10.9 EXCLUSIVITY. Until this Agreement is terminated by its terms,
-----------
neither the Company, any of its Subsidiaries nor the Sellers (and neither the
Company nor the Sellers shall cause or permit any Insider or agent or any other
Person acting on behalf of any Seller, the Company, or its Affiliates to), (a)
solicit, initiate or encourage the submission of any proposal or offer from any
Person (including any of them) relating to any (i) liquidation, dissolution or
recapitalization of, (ii) merger or consolidation with or into, (iii)
acquisition or purchase of assets of or any equity interest in or (iv) similar
transaction or business combination involving the Company or (b) participate in
any discussions or negotiations regarding, furnish any information with respect
to, assist or participate in, or facilitate in any other manner any effort or
attempt by any other Person to do or seek any of the foregoing.

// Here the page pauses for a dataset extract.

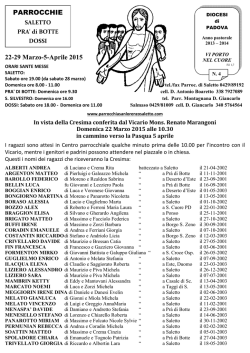 Parrocchia San Lorenzo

The Company and
each Seller agrees that it will discontinue immediately (and will cause any
Insider or agent or any other Person acting on behalf of any Seller, the
Company, or its Affiliates to discontinue immediately) any negotiations or
discussion with respect to any of the foregoing. Until this Agreement is
terminated by its terms, the Sellers and the Company shall notify the Purchaser
immediately if any Person makes any proposal, offer, inquiry or contact with
respect to any of the foregoing.
10.10 BOOKS AND RECORDS. Unless otherwise consented to in writing by
-----------------
the Representative and the Purchaser, the Purchaser and the Sellers will not,
for a period of seven years following the date hereof, destroy, alter or
otherwise dispose of any of the books and records of the Company acquired by the
Purchaser hereunder or retained by any Seller without first offering to
surrender to the other Party such books and records or any portion thereof of
which the Sellers or the Purchaser may intend to destroy, alter or dispose. The
Purchaser and the Sellers will allow the other party's representatives,
attorneys and accountants access to such books and records, upon reasonable
request during such party's normal business hours, for the purpose of examining
and copying the same in connection with any matter whether or not related to or
arising out of this Agreement or the transactions contemplated hereby.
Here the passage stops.